» Requirement
An exact transcript of every entry is required, without any of the pictures.

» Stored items
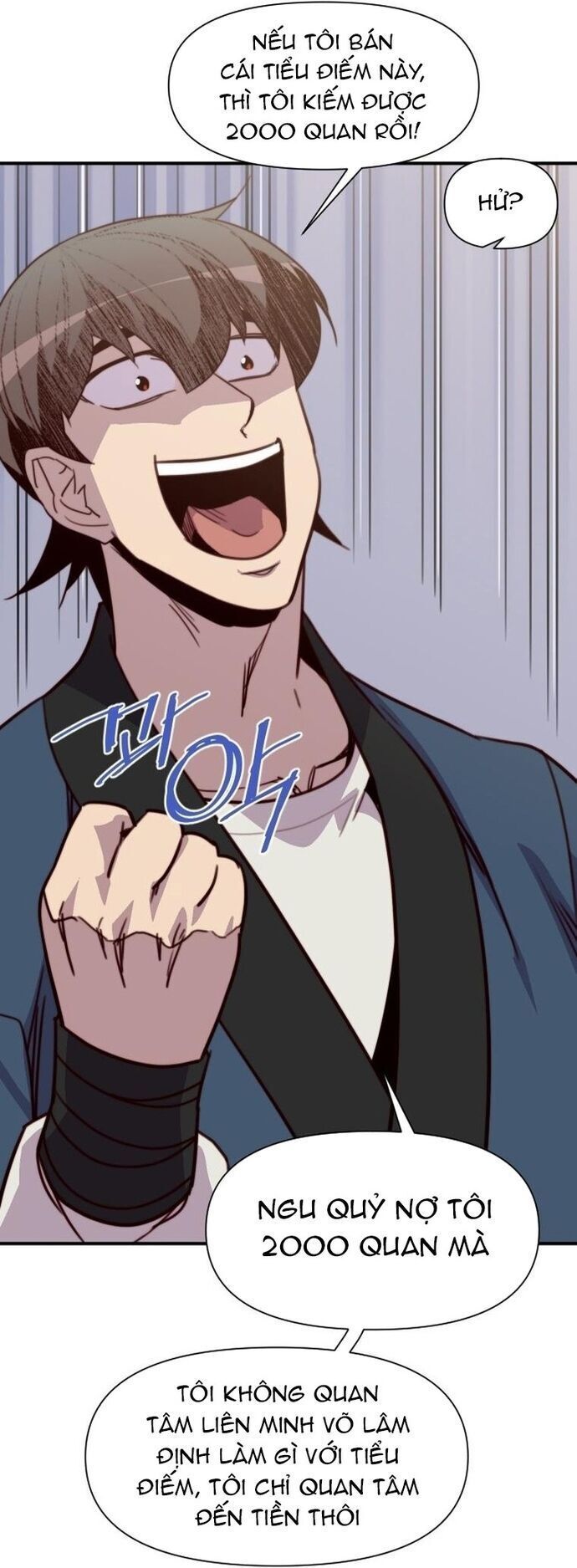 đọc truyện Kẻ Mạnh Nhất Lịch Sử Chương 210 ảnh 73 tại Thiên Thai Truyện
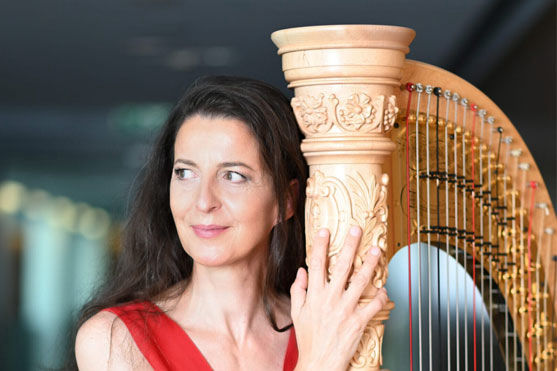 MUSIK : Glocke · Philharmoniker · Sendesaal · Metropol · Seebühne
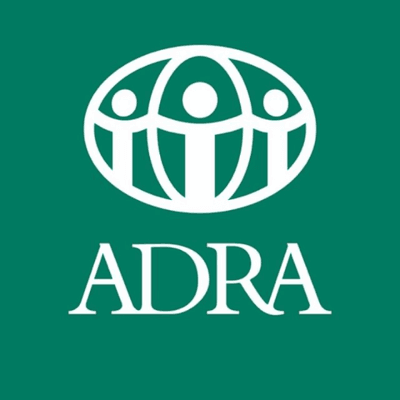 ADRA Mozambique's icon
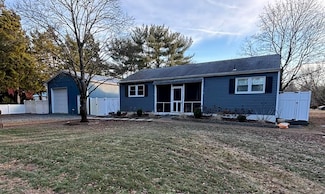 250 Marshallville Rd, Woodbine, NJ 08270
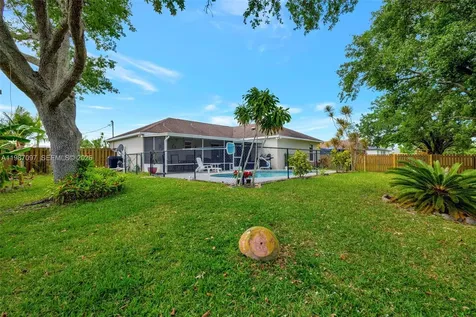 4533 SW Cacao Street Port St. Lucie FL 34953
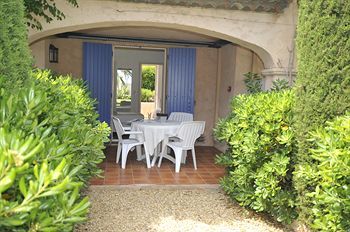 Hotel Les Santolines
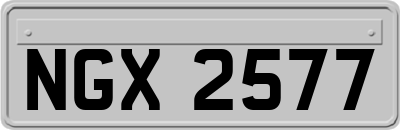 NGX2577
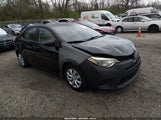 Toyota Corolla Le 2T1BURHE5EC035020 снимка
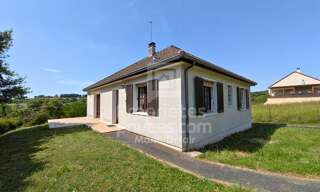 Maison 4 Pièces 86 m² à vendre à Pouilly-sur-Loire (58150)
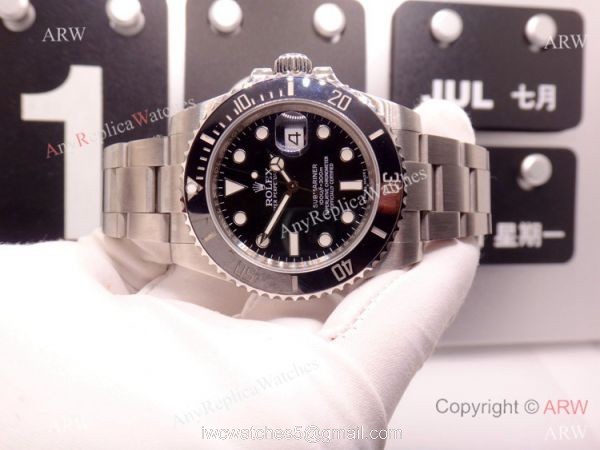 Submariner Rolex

» Reply
 đọc truyện Kẻ Mạnh Nhất Lịch Sử Chương 210 ảnh 73 tại Thiên Thai Truyện
 MUSIK : Glocke · Philharmoniker · Sendesaal · Metropol · Seebühne
 ADRA Mozambique's icon
 250 Marshallville Rd, Woodbine, NJ 08270
 4533 SW Cacao Street Port St. Lucie FL 34953
 Hotel Les Santolines
 NGX2577
 Toyota Corolla Le 2T1BURHE5EC035020 снимка
 Maison 4 Pièces 86 m² à vendre à Pouilly-sur-Loire (58150)
 Submariner Rolex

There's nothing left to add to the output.